When business (and government on the state and local levels) starts offering pay that’s rising higher than the inflation rate, then Americans as a whole can start worrying about genuine labor shortages. (And even then, as I’ve written, it would be much better for the economy as a whole if companies responded by boosting their productivity, rather than by agitating for more mass immigation with the aim of driving wages down and of course dodging any incentives to operate more efficiently.) For now, though, it’s obvious that what U.S. business is “frantic” about (to use the Post‘s term) isn’t a shortage of workers. It’s a shortage of cheap workers.
True. But why is Alan T. the lone voice on this issue? How is this possible? I wish you were back on LinkedIn.

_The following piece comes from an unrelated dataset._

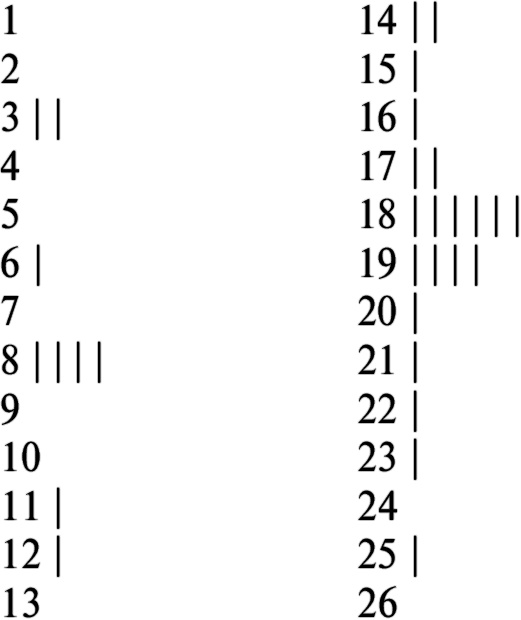 Иллюстрация к книге — Криптономикон [i_004.jpg]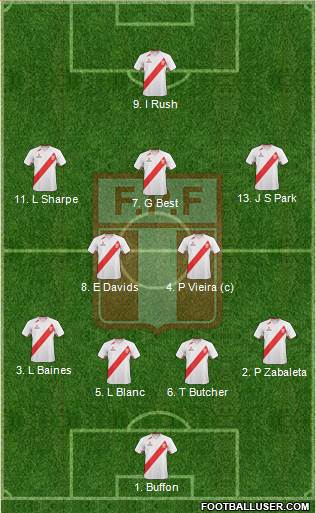 Peru Formation 2013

Thanks as always, Benjamin. I’m far from a lone voice in this respect, but clearly the restrictionists are outnumbered in part because the Open Borders Lobby pays so well, and because the main megaphones influencing the debate – MSM organizations – are so strongly supportive of Open Borders-type positions. Re Linkedin, unless Elon Musk buys into it and changes its censorship policies, as I explained in that post of mine, the platform hasn’t been helpful enough to me to justify sacrificing my principles or my self-respect.